Halbuki kanunlar, hukuk adamlarına vicdan, hakkaniyet ve gerçekten adaleti sağlaması adına hüküm inşa etme konusunda zihnî çaba sarfedilmesi için suça ilişkin tanımlamalar açık, anlaşılır, somut ve kanunilik ilkesi çerçevesinde belirli bir esneklik ve genellik göz önünde bulundurularak hazırlanır. Suçun tanımlaması açık olunca mesele sadece somut deliller üzerinden araştırılıp olayın gerçek yönünün tespitine çalışılır.

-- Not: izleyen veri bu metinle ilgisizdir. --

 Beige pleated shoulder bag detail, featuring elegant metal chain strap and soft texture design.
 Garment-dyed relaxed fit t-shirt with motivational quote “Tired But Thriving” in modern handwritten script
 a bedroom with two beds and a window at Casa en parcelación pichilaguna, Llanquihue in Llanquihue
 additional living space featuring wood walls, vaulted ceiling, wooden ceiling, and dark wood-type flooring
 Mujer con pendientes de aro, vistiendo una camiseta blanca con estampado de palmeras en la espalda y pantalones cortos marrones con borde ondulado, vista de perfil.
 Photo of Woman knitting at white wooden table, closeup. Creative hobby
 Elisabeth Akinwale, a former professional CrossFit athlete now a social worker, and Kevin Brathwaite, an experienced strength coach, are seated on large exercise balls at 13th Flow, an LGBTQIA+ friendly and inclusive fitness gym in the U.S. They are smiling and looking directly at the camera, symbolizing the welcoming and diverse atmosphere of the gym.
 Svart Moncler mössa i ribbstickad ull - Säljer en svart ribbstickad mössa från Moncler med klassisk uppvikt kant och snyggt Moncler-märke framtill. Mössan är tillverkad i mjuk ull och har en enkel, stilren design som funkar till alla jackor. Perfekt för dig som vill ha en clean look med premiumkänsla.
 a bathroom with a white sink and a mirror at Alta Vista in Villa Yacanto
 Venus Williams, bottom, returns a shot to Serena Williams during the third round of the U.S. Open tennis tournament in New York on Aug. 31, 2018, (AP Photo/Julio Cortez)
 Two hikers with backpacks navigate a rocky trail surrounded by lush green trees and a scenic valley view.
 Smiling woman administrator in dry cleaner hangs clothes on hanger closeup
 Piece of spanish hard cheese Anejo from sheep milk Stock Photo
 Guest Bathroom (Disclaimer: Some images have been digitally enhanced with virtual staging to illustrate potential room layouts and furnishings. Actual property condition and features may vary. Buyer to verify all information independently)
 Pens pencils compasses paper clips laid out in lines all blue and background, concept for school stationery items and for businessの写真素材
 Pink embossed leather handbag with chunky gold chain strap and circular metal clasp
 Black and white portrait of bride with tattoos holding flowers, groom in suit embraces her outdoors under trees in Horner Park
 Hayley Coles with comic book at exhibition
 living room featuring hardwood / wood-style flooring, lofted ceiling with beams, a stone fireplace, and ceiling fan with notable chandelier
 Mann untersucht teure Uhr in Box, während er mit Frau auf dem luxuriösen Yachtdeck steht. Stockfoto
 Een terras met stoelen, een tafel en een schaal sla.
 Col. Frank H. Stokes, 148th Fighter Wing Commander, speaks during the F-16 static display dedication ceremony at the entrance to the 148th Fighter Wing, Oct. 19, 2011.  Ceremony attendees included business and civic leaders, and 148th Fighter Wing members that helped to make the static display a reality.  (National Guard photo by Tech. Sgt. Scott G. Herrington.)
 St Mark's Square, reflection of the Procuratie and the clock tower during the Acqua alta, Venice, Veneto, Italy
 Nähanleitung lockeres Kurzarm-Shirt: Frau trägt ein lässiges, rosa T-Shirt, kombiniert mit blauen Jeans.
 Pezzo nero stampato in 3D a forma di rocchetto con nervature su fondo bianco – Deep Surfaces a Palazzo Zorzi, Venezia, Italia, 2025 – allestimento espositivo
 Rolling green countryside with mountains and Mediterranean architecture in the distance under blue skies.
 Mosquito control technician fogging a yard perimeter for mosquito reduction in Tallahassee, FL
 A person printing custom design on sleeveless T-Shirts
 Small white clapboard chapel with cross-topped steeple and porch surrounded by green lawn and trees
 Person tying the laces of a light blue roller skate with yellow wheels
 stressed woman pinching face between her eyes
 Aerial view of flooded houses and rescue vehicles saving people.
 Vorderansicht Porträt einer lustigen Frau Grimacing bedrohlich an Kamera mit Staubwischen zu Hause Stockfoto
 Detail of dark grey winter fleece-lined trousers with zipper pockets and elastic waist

Bugün yargının bağımsız ve tarafsız olmadığını dillendiren laik Kemalist çevreler de samimi değiller. Neden mi? Eğer yargı tamamen Kemalistlerin kontrolünde olsun seslerini duymazsınız bile. Yargı ancak kendi ellerinde olursa bağımsız ve tarafsızdır. Laik Kemalistler ve Muhafazakar Demokratlar aralarında kamp savaşı yapadursun, olan bu mazlum halka olur. Nasıl mı? Eğer Ergenekon ve Balyoz’dan yargılandıysan senin için “FETÖ” kumpası vardır ve bunu kamuoyu yaparak iktidarı baskılarlar. Güç kaybetmiş olan iktidar da, bu çok sesli “Ulusalcı” koroya eşlik eder. Eğer İslâmi bir davadan yine “FETÖ”nün kumpasıyla haksızca yargılandıysan kimse senin sesini duymaz. İktidar zaten kendi bekası için kulağı üzerine yatmıştır çoktan.
Sözün özü; mesele zulüm doğuran kanunların değil, bu zulüm doğuran kanunların kaynağı zihniyetin değişmesidir. Ne kadar “yargı reformu” adı altında göz boyamaya başvurulursa başvurulsun, mevcut hukuk düzeni, Cumhuriyet’in kurulduğu yıllarda Mustafa Kemal’in hakim görünümlü cellatları olan “Üç Ali”nin İstiklal Mahkemeleri’nden bir adım ayrılmayacaktır. İster ismi “İstiklal Mahkemesi” olsun, ister “Sıkıyönetim mahkemeleri”, ister “Devlet Güvenlik Mahkemeleri”, ister evrile evrile adı “Ağır Ceza mahkemeleri” olsun, ister iktidar da AKP, ister ulusalcı Kemalist bir parti olsun sonuç değişmez; İslâmi bir hayat arzuluyorsan sana reva görülecek olan sadece ve sadece zulümdür!